(Data excerpts)
----

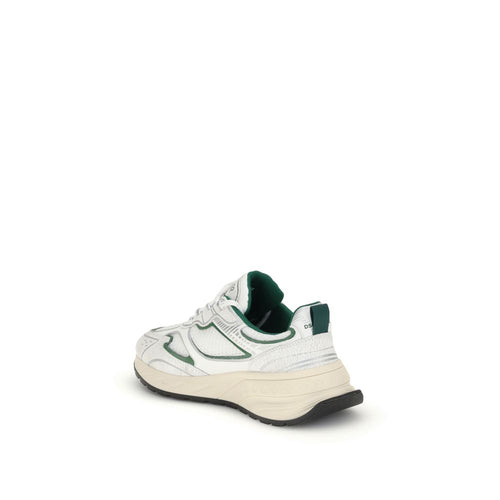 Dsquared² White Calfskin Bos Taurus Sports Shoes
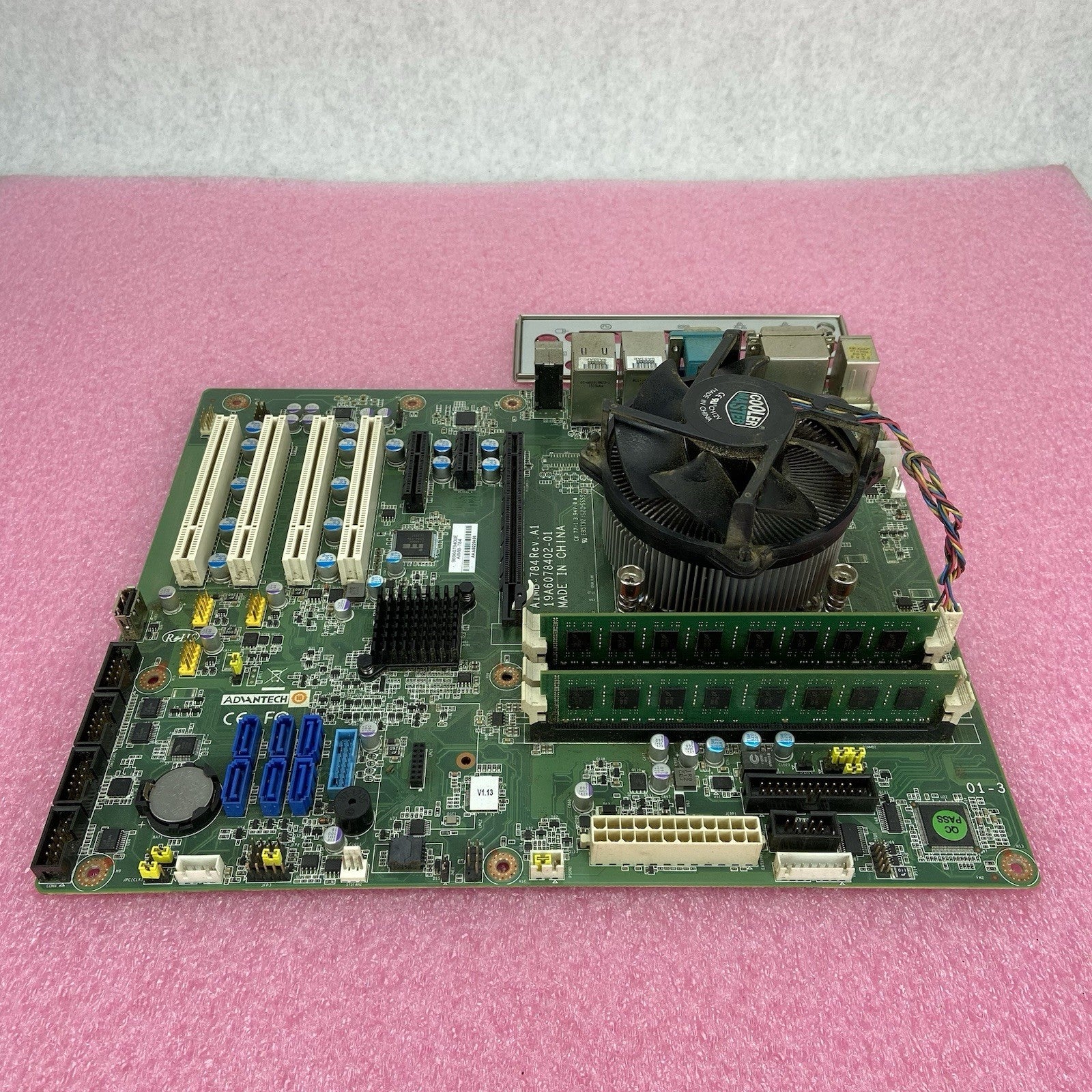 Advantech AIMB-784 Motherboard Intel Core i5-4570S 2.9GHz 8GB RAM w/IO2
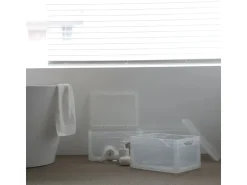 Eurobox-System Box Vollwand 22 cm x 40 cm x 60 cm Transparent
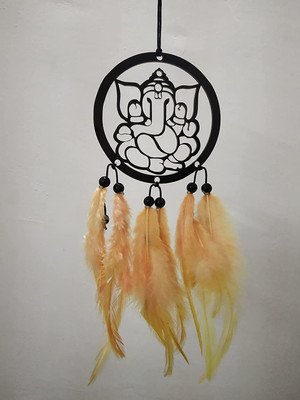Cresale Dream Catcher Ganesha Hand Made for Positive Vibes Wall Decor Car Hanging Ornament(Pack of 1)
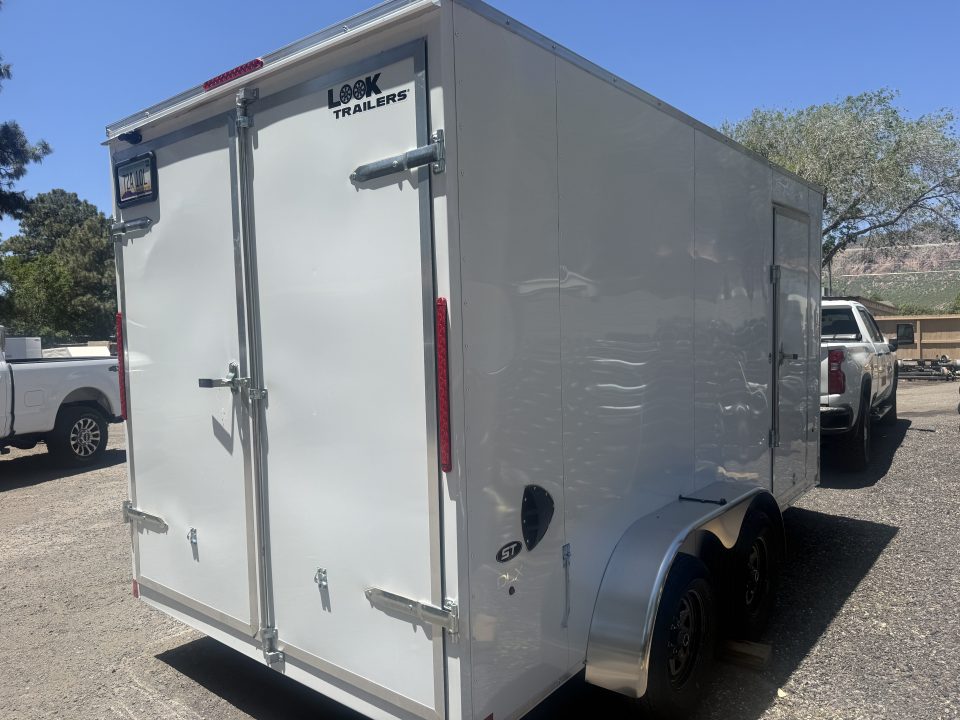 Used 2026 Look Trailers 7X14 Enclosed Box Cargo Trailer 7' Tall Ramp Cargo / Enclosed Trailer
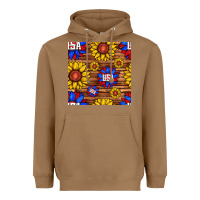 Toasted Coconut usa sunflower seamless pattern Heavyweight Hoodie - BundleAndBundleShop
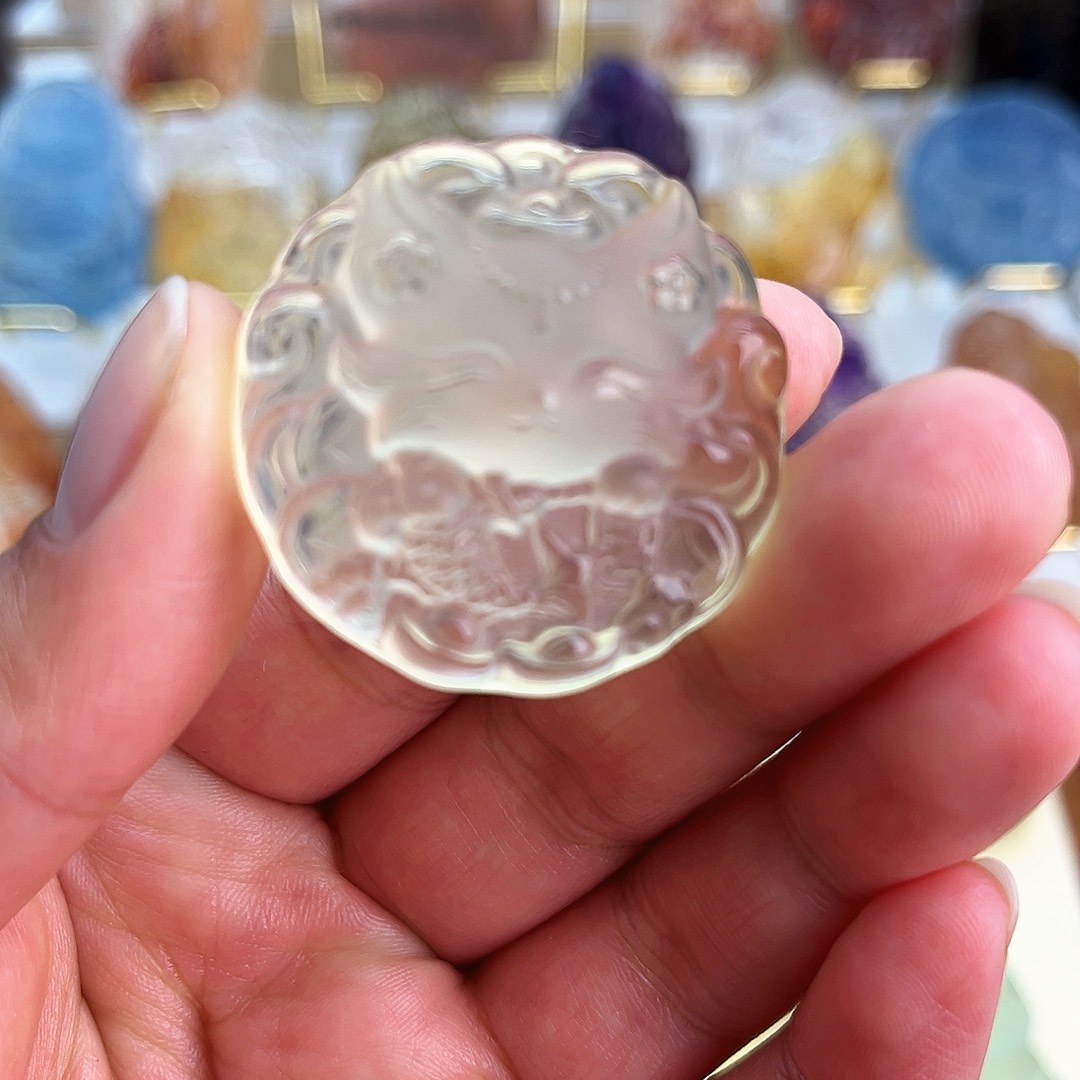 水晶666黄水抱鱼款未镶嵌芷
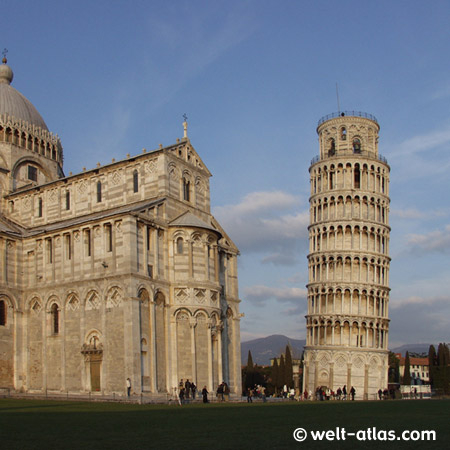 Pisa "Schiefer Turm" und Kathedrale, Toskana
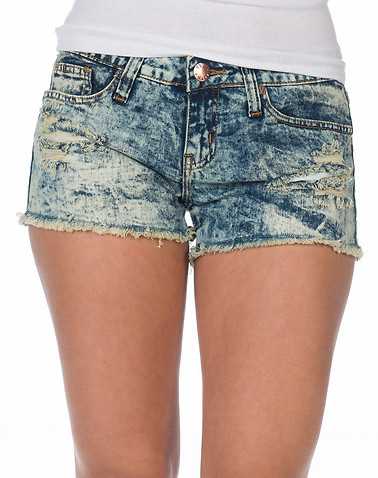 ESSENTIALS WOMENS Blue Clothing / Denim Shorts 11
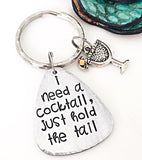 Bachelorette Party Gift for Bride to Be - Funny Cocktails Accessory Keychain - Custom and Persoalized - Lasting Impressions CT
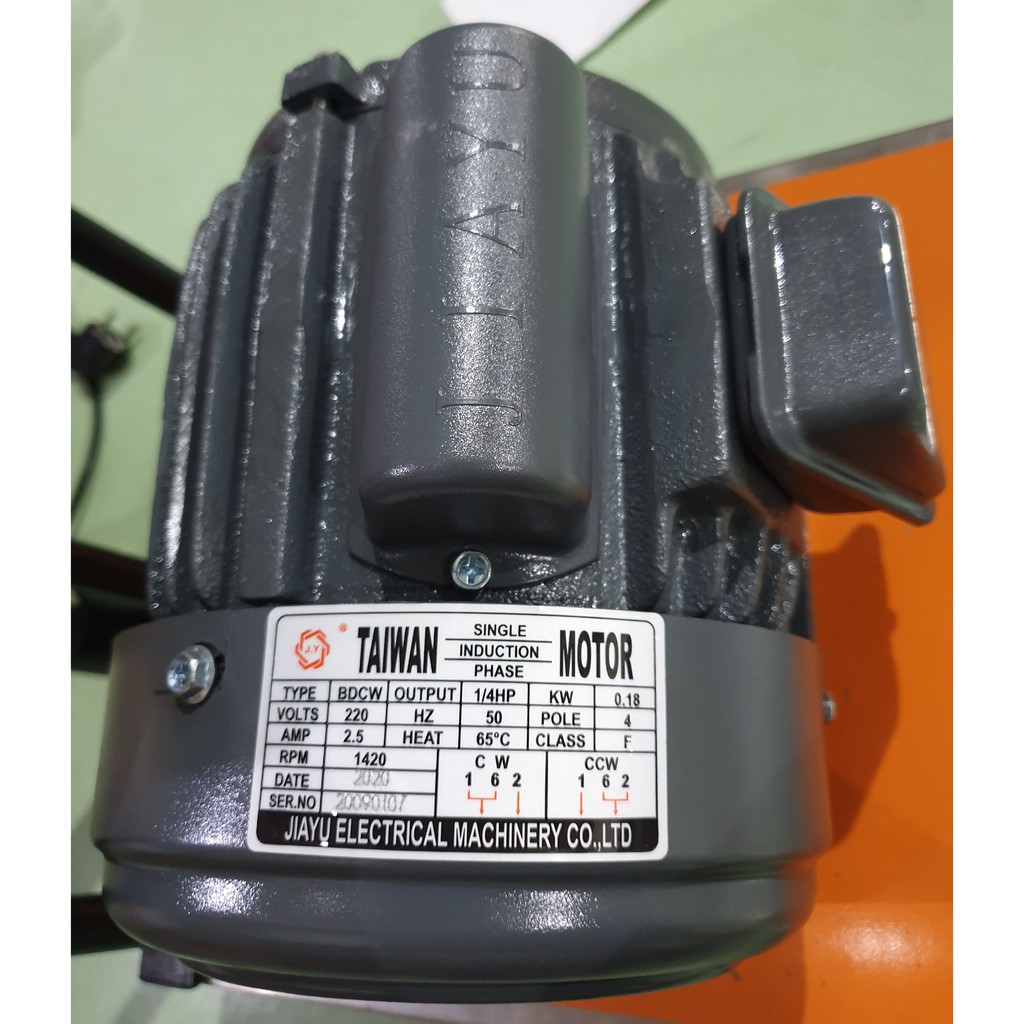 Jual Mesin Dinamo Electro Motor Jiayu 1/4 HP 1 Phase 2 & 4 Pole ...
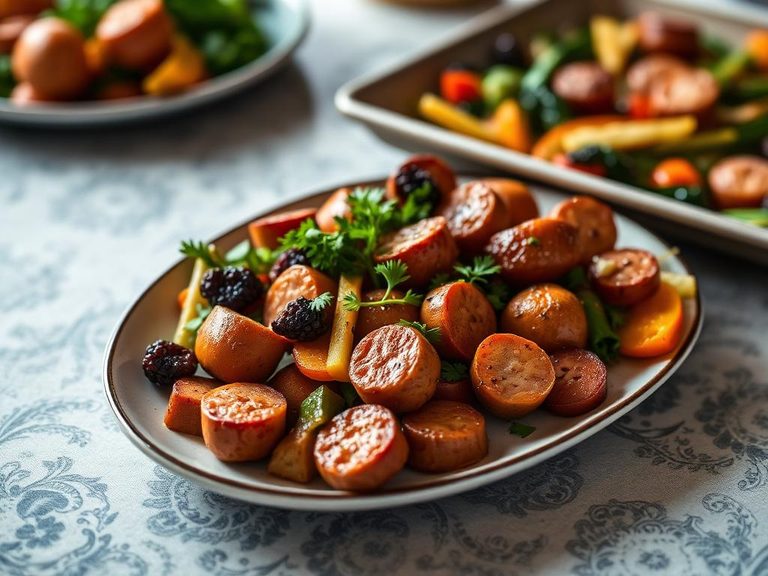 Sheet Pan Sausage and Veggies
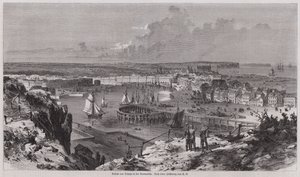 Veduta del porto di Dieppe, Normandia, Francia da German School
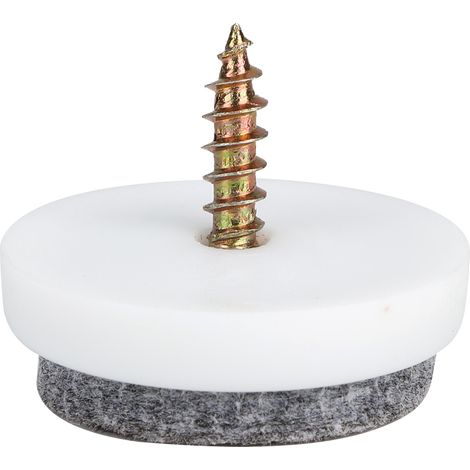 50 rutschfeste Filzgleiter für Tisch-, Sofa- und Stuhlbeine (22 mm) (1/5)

----

◆ ASSIGNMENT ◆
Output exactly the lines above, beginning at the one with "Toasted Coconut usa" and stopping after the one with "Sheet Pan Sausage and Veggies". Pictures are to be omitted.

◆ YOUR SOLUTION ◆
 Toasted Coconut usa sunflower seamless pattern Heavyweight Hoodie - BundleAndBundleShop
 水晶666黄水抱鱼款未镶嵌芷
 Pisa "Schiefer Turm" und Kathedrale, Toskana
 ESSENTIALS WOMENS Blue Clothing / Denim Shorts 11
 Bachelorette Party Gift for Bride to Be - Funny Cocktails Accessory Keychain - Custom and Persoalized - Lasting Impressions CT
 Jual Mesin Dinamo Electro Motor Jiayu 1/4 HP 1 Phase 2 & 4 Pole ...
 Sheet Pan Sausage and Veggies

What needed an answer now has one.